Process Elements – Supplier, input, process, output, customer (SIPOC).

Owners and Stakeholders – Stockholders, customers, suppliers, management, employees, the community, society, etc.

Customer – Customers seek product based upon cost, quality, features, and availability (CQFA).

·          Internal – anyone in the company who is affected by the product or service as it is being generated.

·          External – End users, intermediate customers, impacted parties. They are not part of the company but are impacted by it. External customers best determine the quality of the product.

Collect Customer Data – collect data to gain the Voice of the Customer (VOC).

·          Business level – Shareholders and top management employees.

·          Operations level – Those who purchase the product (external) and those who manage operations (internal).

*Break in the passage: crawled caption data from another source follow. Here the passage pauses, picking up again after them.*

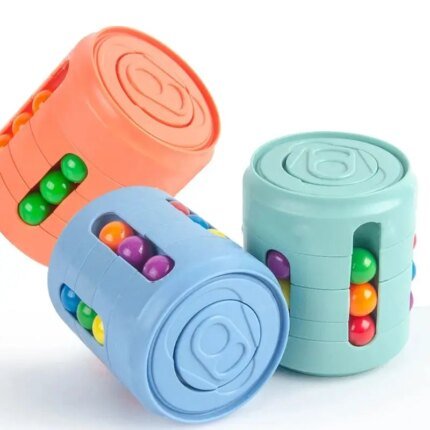 Fidget spinner med färgglada ”beans”. Stress- och fidgetleksak för barn och vuxna.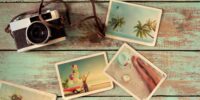 Summer photo album of journey honeymoon trip on wood table. instant photo of vintage camera - vintage and retro style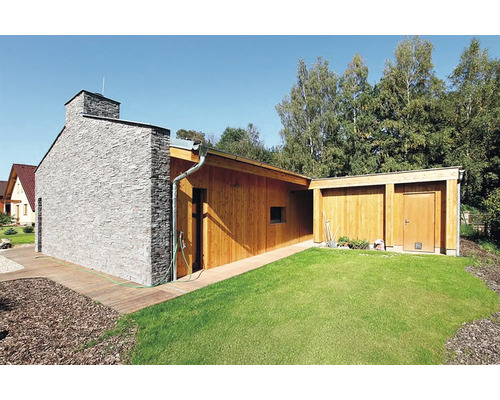 Moderní zahradní domek s dřevěným obkladem, kamenným komínem a trávníkem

·          Process level – Employees

Tools – Surveys, focus groups, interviews, satisfaction/complaint cards, dissatisfaction sources, competitive shopper, quality function deployment (QFD), scorecards, data warehousing, data mining, customer audits, supplier audits.

Analyze Customer Data – Statistical analysis, line graphs, control charts, matrix diagrams, Pareto analysis.

Translate Customer Requirements – Customer value is made up of cost, quality, features and availability (CQFA).

Customer Expectations: Basic, expected, desired, unanticipated.

Customer needs: Stated, real, perceived, cultural, unintended.

Customer Priorities

Quality Function Deployment (QFD) – Customer wants and needs are heard and translated into technical characteristics. Voice of the Customer (VOC), House of Quality (HOQ). QFD provides a graphic method of expressing relationships between customers’ wants and design features.

House of Quality (HOQ) – side walls = customer needs and customer competitive assessment; foundation = competitive technical assessment; ceiling = design features; roof = design feature interactions.